**What to do**
In the listing below, find the line containing "6100 Ravenna Ave" and the line containing "TTJ Piercing eyes". Repeat exactly those two lines and every line between them.

**Recorded information**

*** Block opens ***

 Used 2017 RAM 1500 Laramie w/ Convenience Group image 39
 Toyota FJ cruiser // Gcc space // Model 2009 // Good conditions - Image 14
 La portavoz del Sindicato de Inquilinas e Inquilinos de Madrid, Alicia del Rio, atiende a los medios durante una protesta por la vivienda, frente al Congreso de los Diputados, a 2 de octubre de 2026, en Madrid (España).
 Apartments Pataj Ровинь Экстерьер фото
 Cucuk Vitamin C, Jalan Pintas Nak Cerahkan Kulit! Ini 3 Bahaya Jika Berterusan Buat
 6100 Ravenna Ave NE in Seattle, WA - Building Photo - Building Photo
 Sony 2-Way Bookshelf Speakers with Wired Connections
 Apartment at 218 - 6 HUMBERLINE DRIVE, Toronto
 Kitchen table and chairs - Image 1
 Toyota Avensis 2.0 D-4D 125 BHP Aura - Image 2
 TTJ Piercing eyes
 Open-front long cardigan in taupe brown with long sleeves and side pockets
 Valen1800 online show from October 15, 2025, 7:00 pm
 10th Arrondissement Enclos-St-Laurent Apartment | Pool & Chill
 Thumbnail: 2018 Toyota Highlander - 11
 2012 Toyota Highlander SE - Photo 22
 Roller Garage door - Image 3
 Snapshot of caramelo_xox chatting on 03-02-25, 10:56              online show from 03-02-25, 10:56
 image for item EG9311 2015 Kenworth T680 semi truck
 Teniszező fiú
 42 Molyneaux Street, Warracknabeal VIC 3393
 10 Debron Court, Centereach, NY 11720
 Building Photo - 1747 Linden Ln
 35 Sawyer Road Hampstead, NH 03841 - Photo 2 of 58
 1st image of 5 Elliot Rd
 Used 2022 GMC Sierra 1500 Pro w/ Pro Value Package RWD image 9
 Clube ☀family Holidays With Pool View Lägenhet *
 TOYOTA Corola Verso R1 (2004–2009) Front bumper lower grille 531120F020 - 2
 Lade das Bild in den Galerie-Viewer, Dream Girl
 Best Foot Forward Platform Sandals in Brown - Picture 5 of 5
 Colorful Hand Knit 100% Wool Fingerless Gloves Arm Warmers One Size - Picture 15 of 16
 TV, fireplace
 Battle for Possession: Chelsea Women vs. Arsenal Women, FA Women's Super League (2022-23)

*** Block closes ***

**Solution to this exercise**
 6100 Ravenna Ave NE in Seattle, WA - Building Photo - Building Photo
 Sony 2-Way Bookshelf Speakers with Wired Connections
 Apartment at 218 - 6 HUMBERLINE DRIVE, Toronto
 Kitchen table and chairs - Image 1
 Toyota Avensis 2.0 D-4D 125 BHP Aura - Image 2
 TTJ Piercing eyes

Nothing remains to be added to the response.